Keywords: COVID-19, health care providers, physical and psychological problems
INTRODUCTION
The World Health Organization announced COVID-19 as a pandemic in March 2020. Pandemic is not a word to use lightly or carelessly. It is a word that, if misused, can cause unreasonable fear or unjustified acceptance that the fight is over, leading to unnecessary suffering and death.[1] The 115,000 deaths of healthcare providers are the equivalent of a commercial airliner crashing with no survivors every day for the past 17 months.[2] In India, official data showed more than 87,000 healthcare workers had been infected with COVID-19, with just six states—Maharashtra, Karnataka, Tamil Nadu, Delhi, West Bengal, and Gujarat—accounting for three-fourths (around 74%) of the case burden and more than 86% of the 573 deaths due to the infection. The officials and public health experts are concerned about the rise in COVID-19 infections and even deaths of healthcare providers in particular states, as it can jeopardize India’s fight against the pandemic.[3]
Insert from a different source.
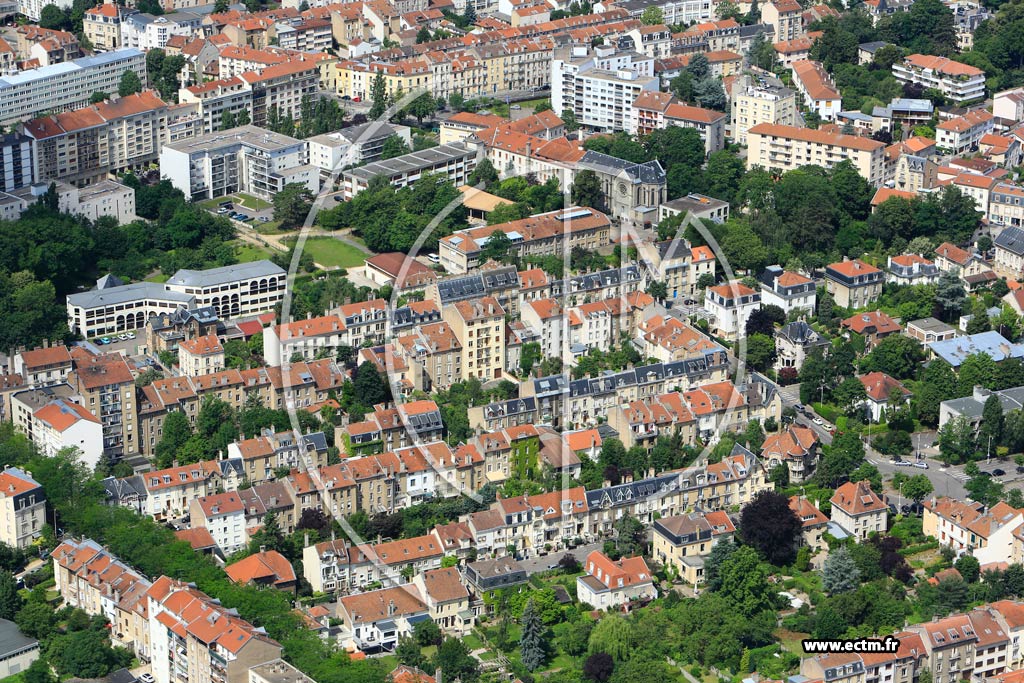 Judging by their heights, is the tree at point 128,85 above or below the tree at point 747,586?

The safety and health of the frontline nurses are critical to ensure safe and quality nursing care to patients and are vital in the quest to overcome the COVID-19 crisis or future pandemics.[4] Implementing various protocols to be followed by the healthcare providers as per the advisory boards at workplaces was very confusing during lockdown periods. Timely planning and intervention can help India protect its health warriors for a longer and stronger fight against the upcoming health calamity.[5] In this hospital, the healthcare authorities have made necessary arrangements for accommodation and food during quarantine, transportation, providing support for childcare, accessibility of medical care to them and their family if they get infected with COVID-19, and psychological counselling services for quarantined frontline workers.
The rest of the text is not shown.